Hacker News new | ask | show | jobs
by 7a1c9427 1202 days ago
> Google's automation systems mitigated this failure by pushing a complete topology snapshot during the next programming cycle. The proper sites were restored and the network converged by 05:05 US/Pacific.

I think this is the most understated part of the whole report. The bad thing happened due to "automated clever thing" and then the system "automagically" mitigated it in ~7 minutes. Likely before a human had even figured out what had gone wrong.

1 comments

How would you otherwise do it? Anything that automatically pushes updates should monitor for rapid increase in errors afterwards and roll back if so. You should do at least that if you are working on a critical system.
Sure, in an ideal world this is how nearly everything would work.

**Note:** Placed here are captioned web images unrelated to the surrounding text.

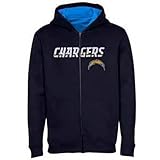 San Diego ChargersユースサイズXLサイズ18チームカラーフード付きフルジッパーKidsスウェットシャツNFL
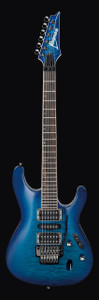 Ibanez S670QMSPB S Series Electric Guitar, Sapphire Blue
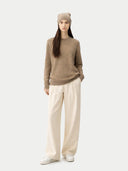 Organic Colour £99 Cashmere Hat & Jumper Set Taupe - Gobi Cashmere
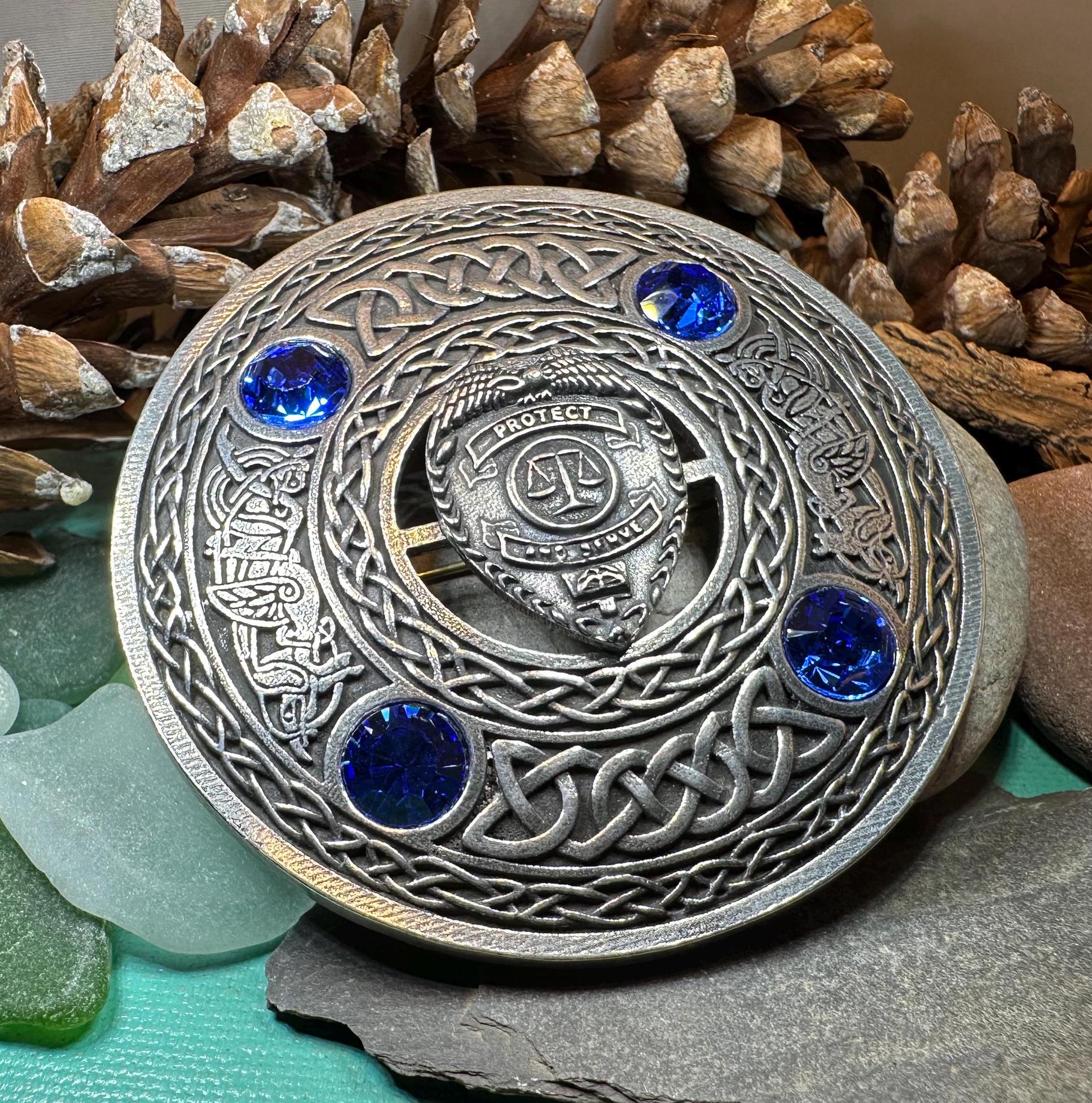 Celtic Police Tartan Pin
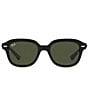 Color:Black - Image 2 - Unisex Erik 53mm Round Polarized Sunglasses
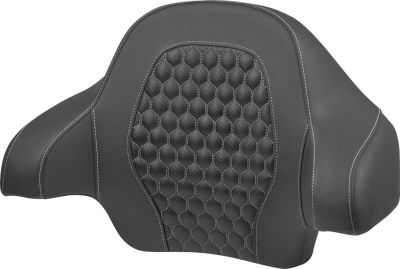 08220604 - SADDLEMEN Tour Pack Backrest Pad - Honeycomb - Silver Stitching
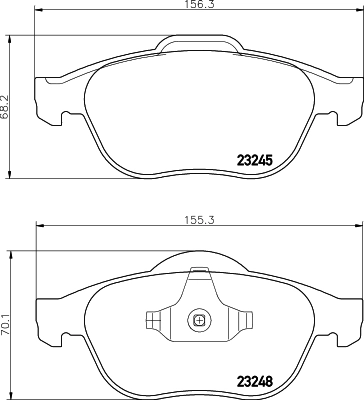 Brake Pad Set, disc brake 8DB 355 009-111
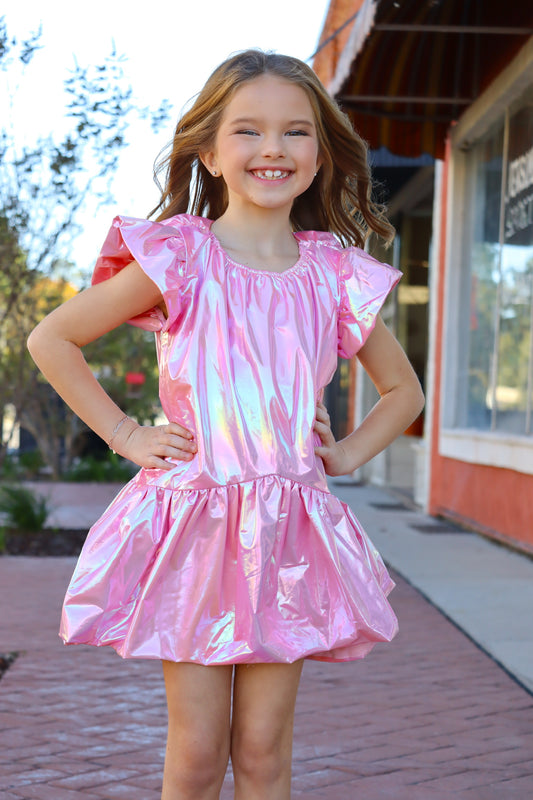 Kids Bubblegum Bow Dress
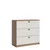 Hanah Home komoda Lucas 1600-237, 80 cm, orah / bela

Getting a complex system to a level of maturity where this is feasible to do at scale in real life and actually work well is a respectable and non-trivial achievement.

I don't know if Amazon or Azure are able to confidently and effectively put in such automatic remediation measures globally. My sense is there are humans involved to triage and fix unusual types of outages at every other cloud provider, including the other bigs.

Leaving a comment on a message board saying how things ought to work is one thing (there's nothing wrong with your comment, I like it!); I only want to highlight, bold, and underscore how successfully achieving this level of automatic remediation atop a large and dynamic system is uncommon and noteworthy.

Based on the public RCAs of outages that occurred at Azure, it seems that their recovery processes are largely manual, or manually triggered.